Matthew Farmer, manager at Glenwyvis Distillery, said the identity of whisky is “protected by stringent regulation” and that even the biggest distilleries “are inherently tied to their location”.

He added: “They will naturally buy barley from Scottish farms, use Scottish water and power and discharge their effluent under Scottish oversight. Outside investment in our distilleries doesn’t have to be a Faustian bargain as long as it is exactly that – an investment.”

Farmer said the biggest concern people should have is “whether the profit from this use of our skilled labour and natural resources is ultimately finding its way back into the country.” 

He continued: “You would think an 18-year-old whisky should be more than enough incentive to invest for future decades, but not every bottom line supports it. At GlenWyvis, we are a community benefit society, owned by our members for our members with an unheard of level of transparency for a distillery.

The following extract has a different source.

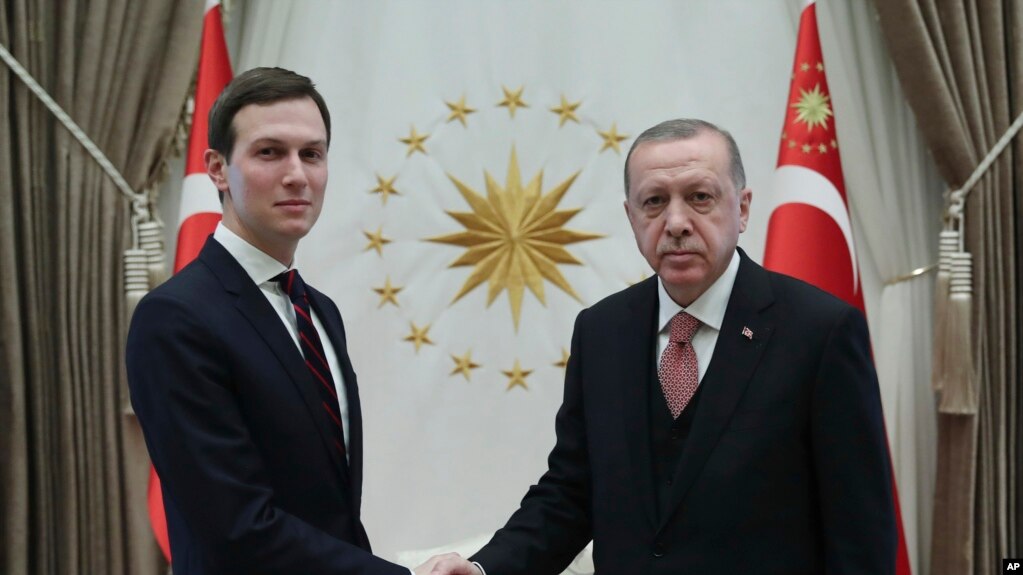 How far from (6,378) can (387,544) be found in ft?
4.09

“People can see exactly where their money is going, and profit (small as it is), goes right back into local social investments.”

At the end of the day Scotch must be made in Scotland and that will never change. It’s not like they can move operations overseas, in the way that other products can be produced under licence in a different market.

Blair Bowman

Blair Bowman, a whisky consultant and broker, said that international companies are “investing heavily in Scotland” and in rural communities to provide jobs that “wouldn’t have been possible to sustain without the whisky industry”.

He added: “Not to mention the wider supply chain that is supported as a result of this. I understand why some might see this as a negative thing but I don’t see it like that. Provided of course that the relevant due diligence is completed (know your customer) in advance of any large foreign investment.

“At the end of the day Scotch must be made in Scotland and that will never change. It’s not like they can move operations overseas, in the way that other products can be produced under licence in a different market.”

Anne-Sophie Bigot, the French writer of the Whisky Lady blog, said there are “obvious benefits” of international ownership of distilleries as it “definitely paves an easier road to some specific oversea markets – Asia, EU or America in particular”. 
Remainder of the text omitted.